_What to do_
Copy everything in the listing below word for word, apart from any images.

_Data_
=-=-=
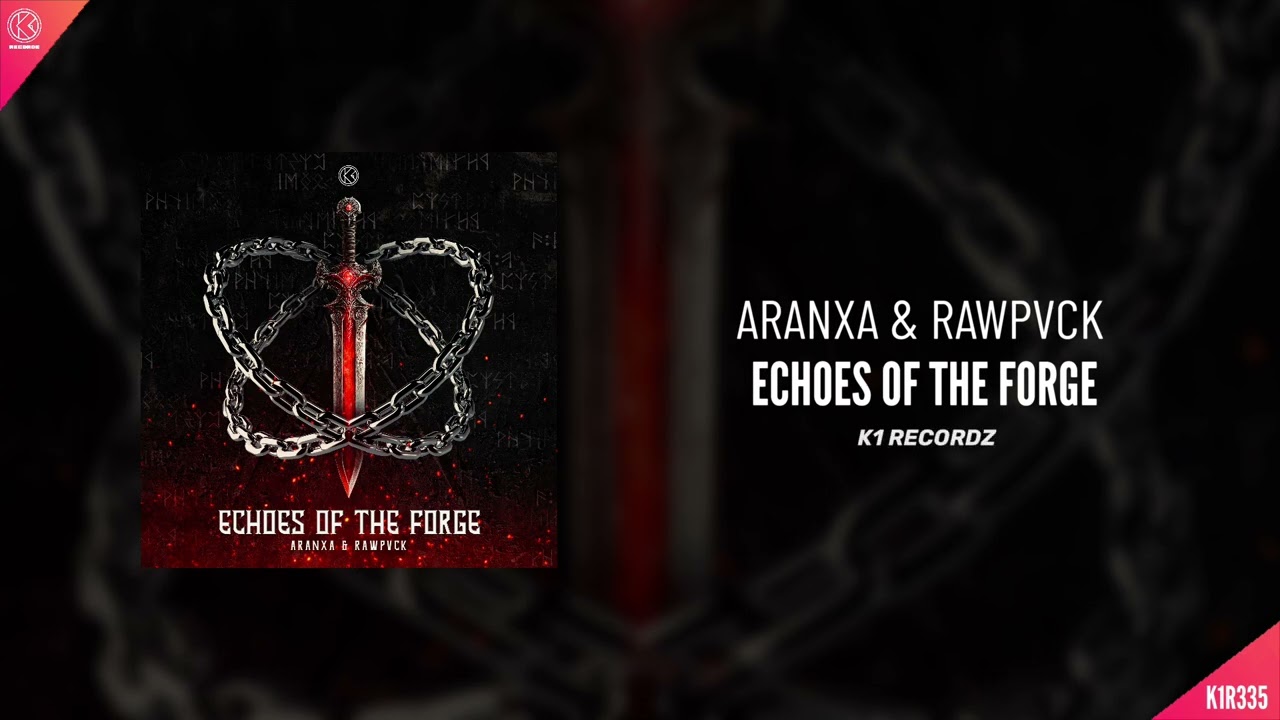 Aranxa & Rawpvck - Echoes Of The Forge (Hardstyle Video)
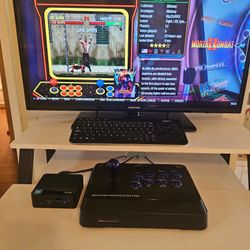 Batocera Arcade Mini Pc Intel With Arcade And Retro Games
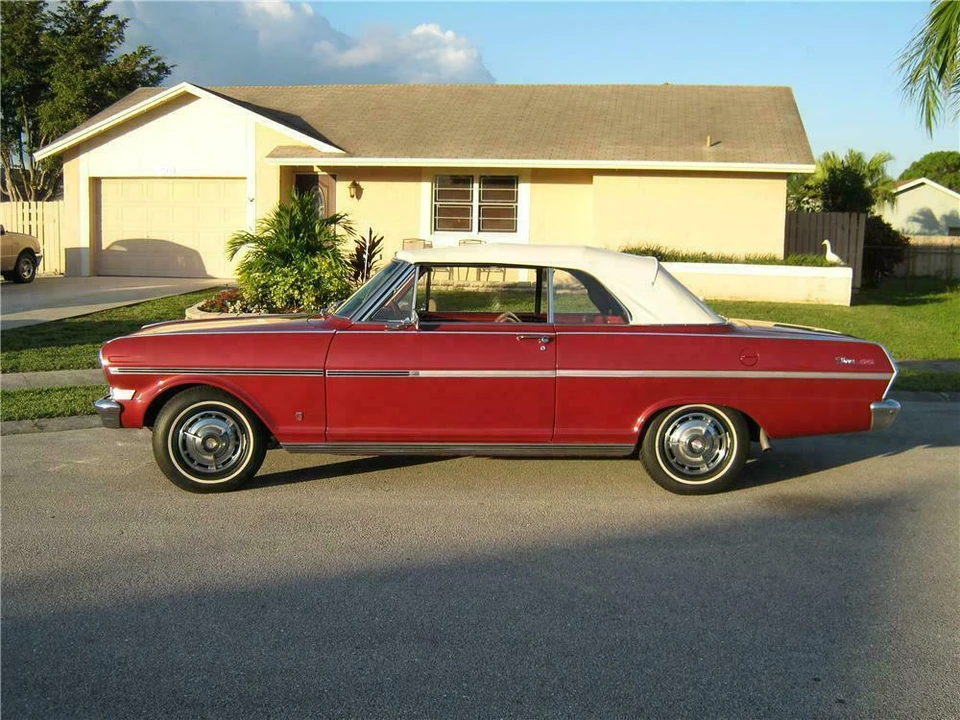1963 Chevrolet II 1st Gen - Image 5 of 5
=-=-=
_Result of this task_
 Aranxa & Rawpvck - Echoes Of The Forge (Hardstyle Video)
 Batocera Arcade Mini Pc Intel With Arcade And Retro Games
1963 Chevrolet II 1st Gen - Image 5 of 5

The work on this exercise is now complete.